Well, all of it really.
I presume that lib/redparse.rb is the "real" parser (I also found
lib/redparse/babyparser.rb and babynodes.rb)
Yes, that's right. babyparser.rb is an example of a minimal (3 rule)
parser using this system, and can make a good place to start trying to
understand the full-blown parser.
It's a monolithic file, and it was hard even to see where the grammar
began. I believe it's here:
Unfortunately, there's a lot of experimental stuff which shouldn't be
in there, related to my attempt to write a proper parser compiler.
[
-[UNOP, Expr, lower_op]>>UnOpNode,
-[DEFOP, ParenedNode]>>UnOpNode,
-[Op(/^(?:unary|lhs|rhs)\*$/), ValueNode, lower_op]>>UnaryStarNode,
... etc
These are indeed the rules. The general form is of a rule is
-[ patterns to search for on the top of parse stack ] >>
NodeTypeTheyGetReplacedWith,
These 3 rules deal respectively with (most) unary operators, the
defined? operator, and unary star operators. (What's found to the
right of the >> is generally a pretty good clue as to what a
particular rule is doing. (But not always in the case of stack
monkeys...)) UNOP, DEFOP, Expr, lower_op and the like are defined
above in the definitions section.
Altho the action to take on finding a pattern on the parse stack is
not always to reduce the matched portion of the stack into a Node. For
instance, here:
and an example of a larger rule is like this:
-[NumberToken&-{:negative=>true}, Op('**').la]>>
stack_monkey("fix_neg_exp",2,Op("-@",true)){|stack|
#neg_op.unary=true
num=stack[-2]
op=OperatorToken.new("-@",num.offset)
# op.startline=num.startline
stack[-2,0]=op
num.ident.sub!(/\A-/,'')
num.offset+=1
},
That's not really what I'd call a larger rule, merely (alas) a longer
one... This is an example of one of many relatively unimportant rules
with which the parser must unfortunately be littered. This particular
example fixes up the precedence of expressions like -2**10. '-2' is
normally lexed as one single numeric token, as is normal in most
languages. In this one special case, however, the -@ must actually be
made lower precedence than **. The implementation of this fixup can't
be neatly shoehorned into a Node constructor, however, so special
imperative code (a 'stack monkey') had to be written to fiddle with
the parse stack directly.
I have no idea how to (a) understand, or (b) modify that. I can see
there is quite a lot of Ruby operator abuse going on, but without
defined semantics.
I would call that a 'DSL'. Most of the special operators and other
unusual syntax are defined in my pattern matching language, Reg, which
is a different project. Reg is moderately well documented, but that's
in a whole other directory.
At least with racc, it's extremely well documented, in the sense that I
have a printout of the yacc manual to refer to.

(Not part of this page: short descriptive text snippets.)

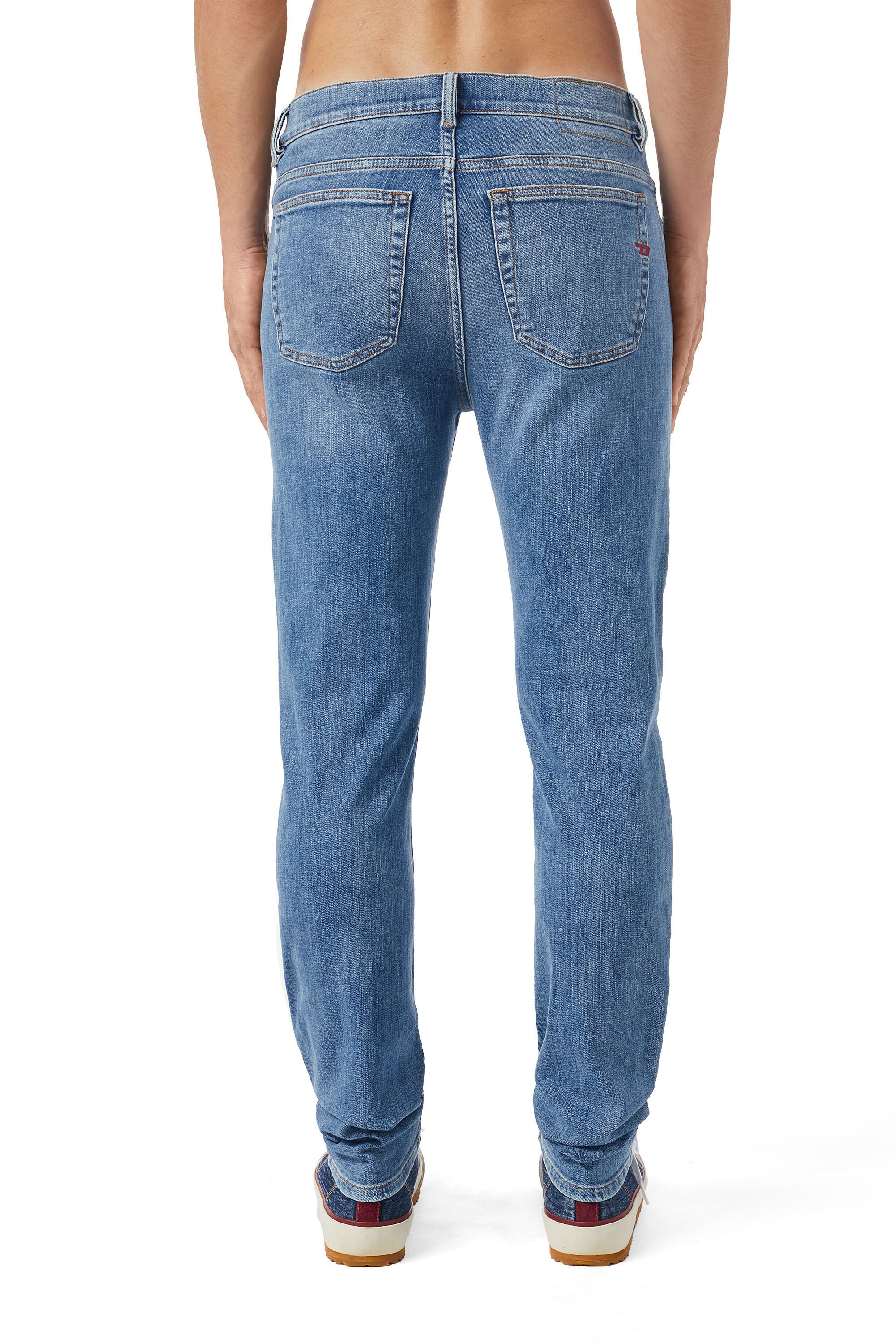 slim / skinny  Diesel AMNY 09E88 BLEU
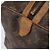 LOUIS VUITTON Sac Souple 35 Monogram Sac de Boston M41626 LV Auth YKZ540 Monogramme - vue 10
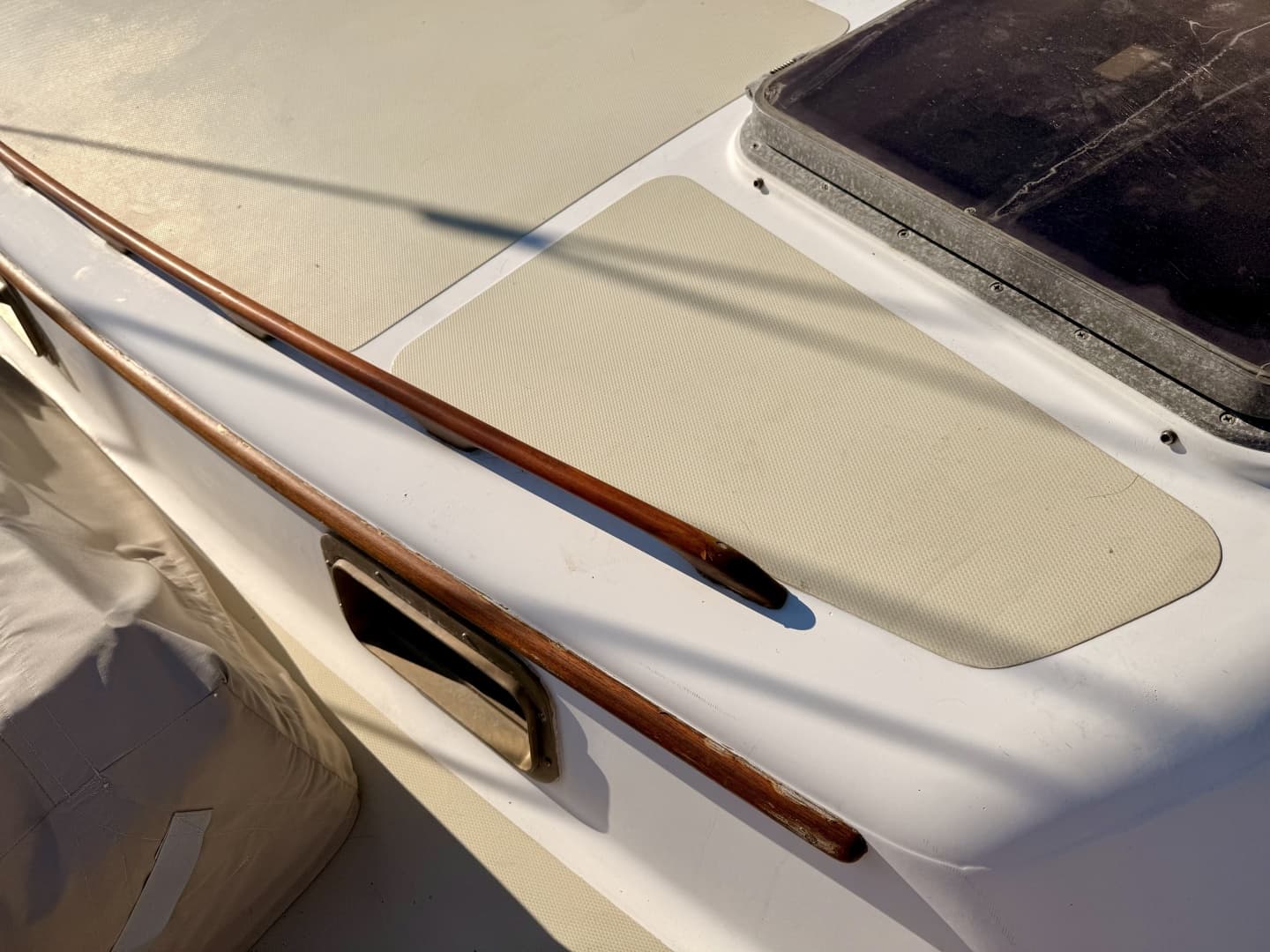 1980 Gulfstar Sailmaster
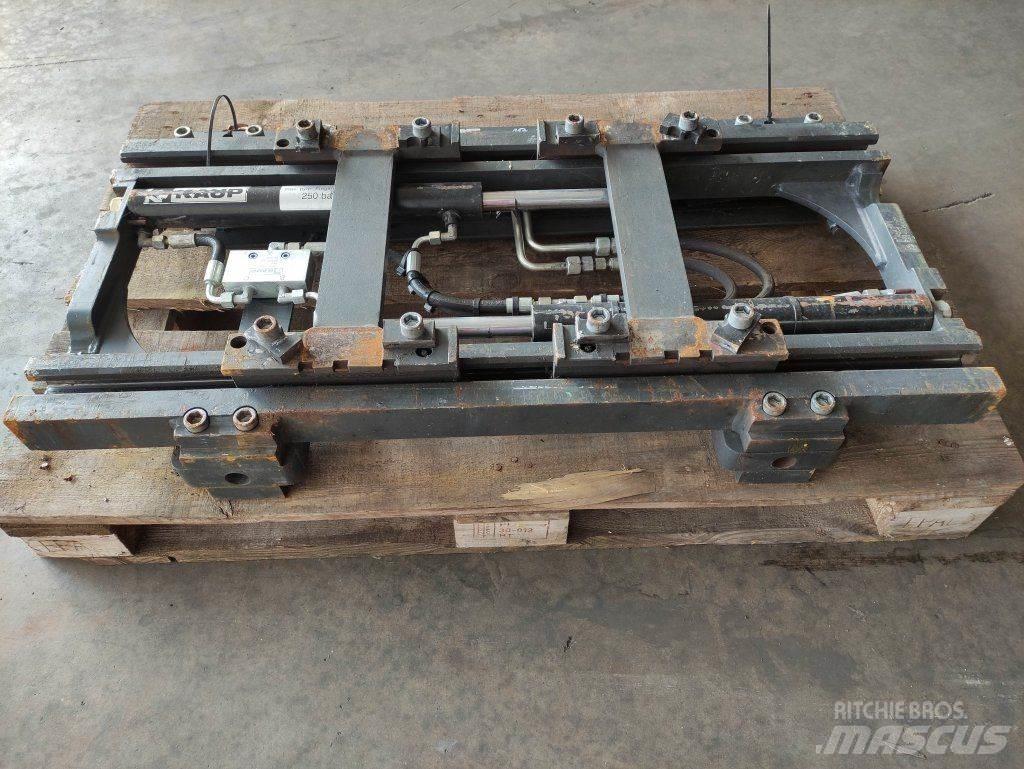 Kaup 2T466B Muut materiaalinkäsittelykoneet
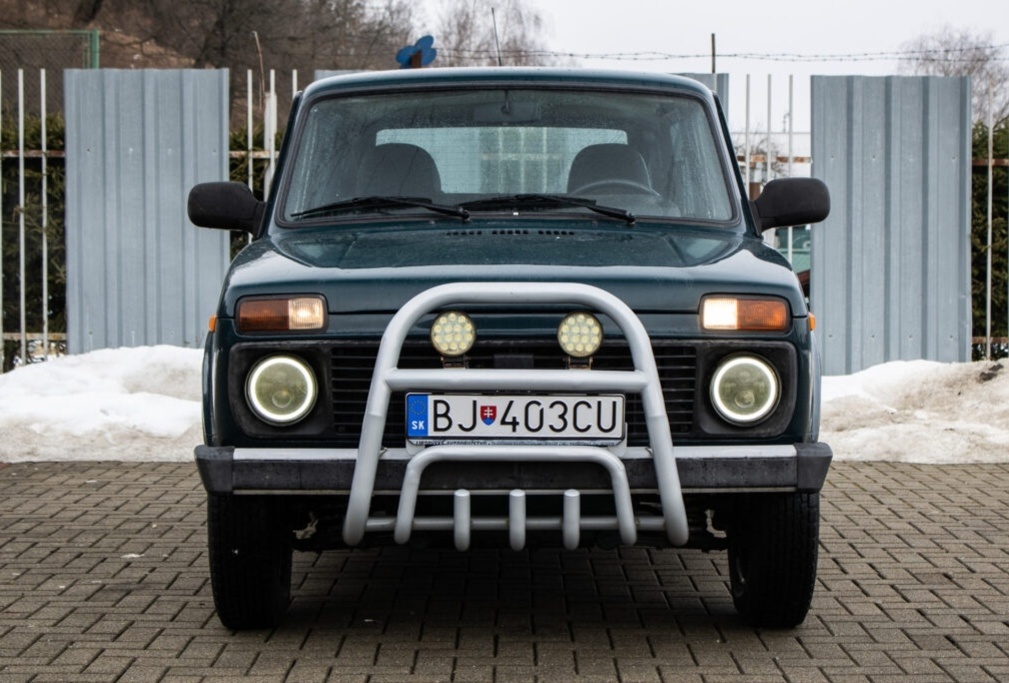 Lada Niva 61kW (2015) - 2
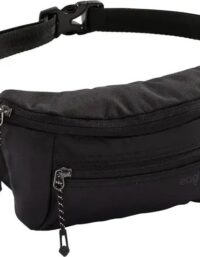 Eagle Creek Eagle Creek Stash Cross Body Bag Black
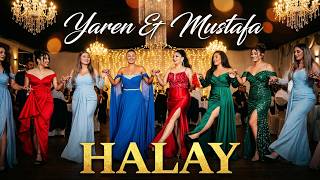 Yaren & Mustafa / Part01 / Wedding Dügün / HALAY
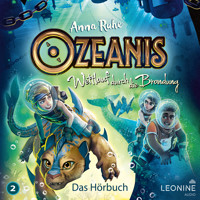 Ozeanis - Wettlauf durch die Brandung (Band 2) - Anna Ruhe - Hörbuch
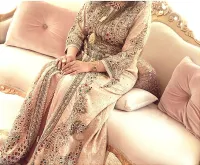 Caftan luxe 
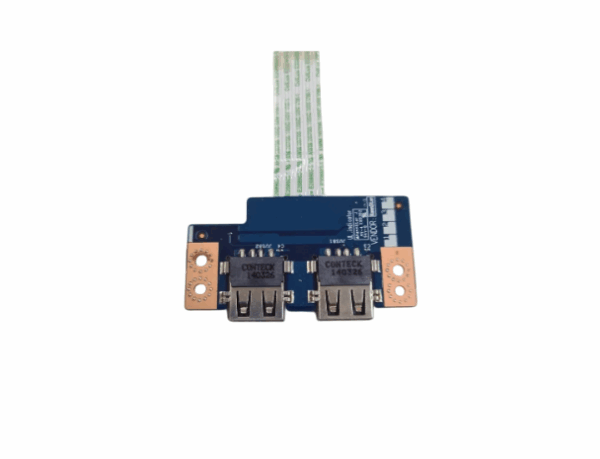 Placa Usb Notebook Acer Aspire E1 510 V5we2 Ls-9532p Cod.1033 - Imagem 2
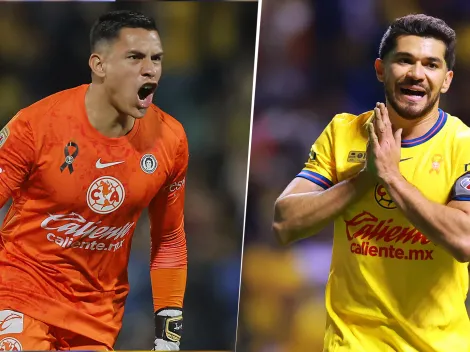 ¿Por qué no juegan Luis Malagón y Henry Martin en Chivas vs. América por el Clausura 2025?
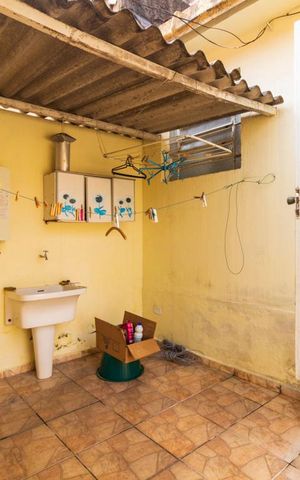 Casa para alugar com 170m², 3 quartos e 1 vagaÁrea de Serviço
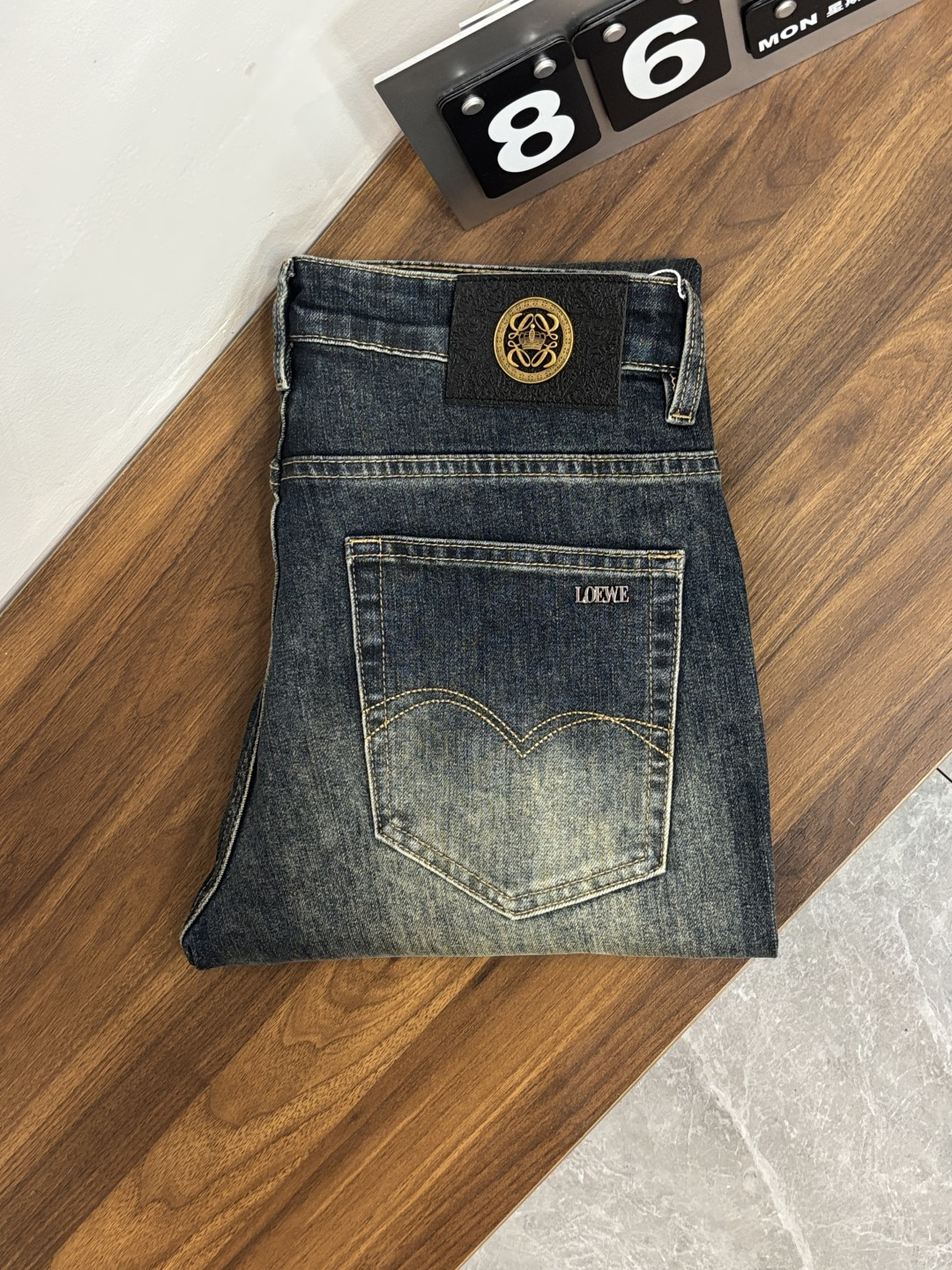Jeans Man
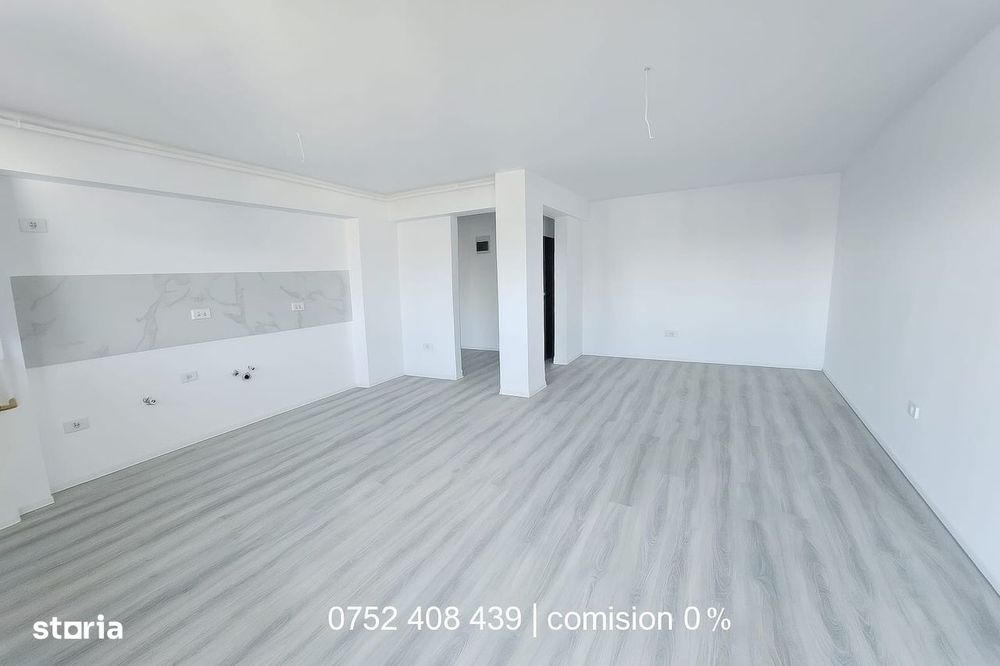 Apartament 2camere,incalzire pardoseala,tva inclus,comision 0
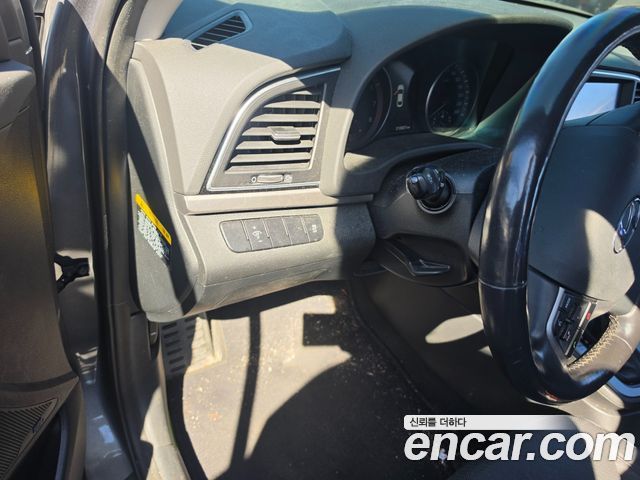 Hyundai AVANTE 2016 — photo 6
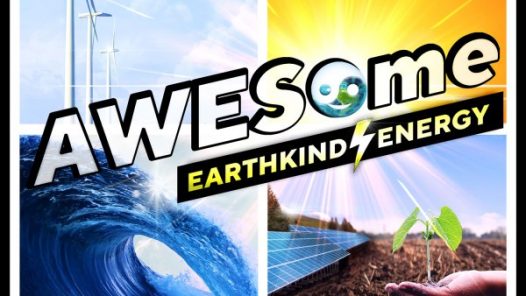 Awesome Earthkind Energy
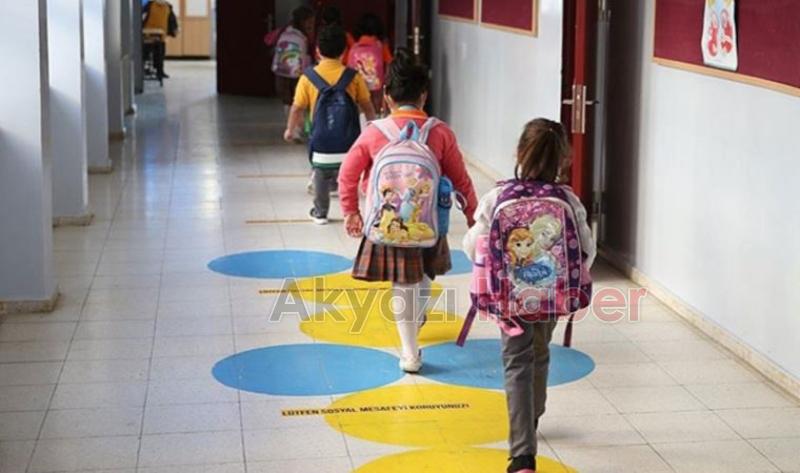 Milli Eğitim Bakanı Mahmut Özer'den yüz yüze eğitim açıklaması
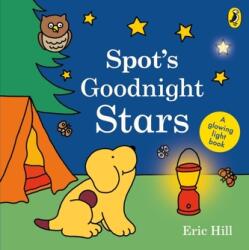 Noapte bună, stelele lui Spot (ISBN: 9780241573419)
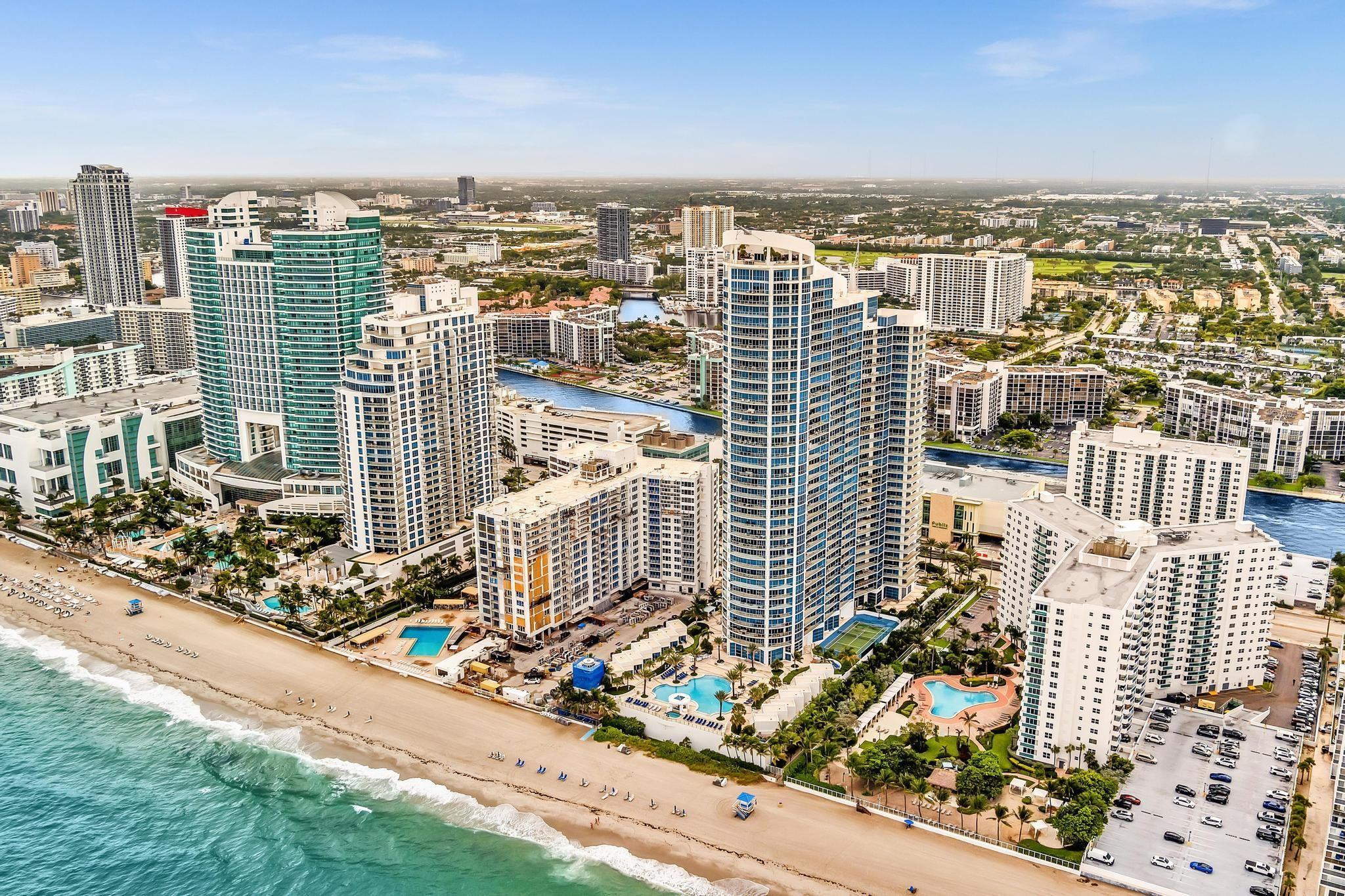 3000 S Ocean #714 Hollywood, FL 33019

I just couldn't ever get yacc to do what I wanted it to do,
personally. Lots of other people have had more luck....
I would like some day (if I ever have time) to split out the parser
construction tool aspects or redparse from the actual ruby parser
itself, and package and document the parser compiler/interpreter
better. For now, altho I have made an effort to make the interface to
RedParse fairly clear and well described, the internals I simply
didn't even try to explain....
So no doubt RedParse is a fine ruby parser, and generates a fine object
tree as its output. But it's not so good for me as a starting point for
building languages which inherit some of ruby flavour, but are
significantly different.
I can explain more IF you're interested, but it does seem like you
know where you want to go right now.
I'd still like to hear more about this language(s) you're trying to
make, if you want to tell.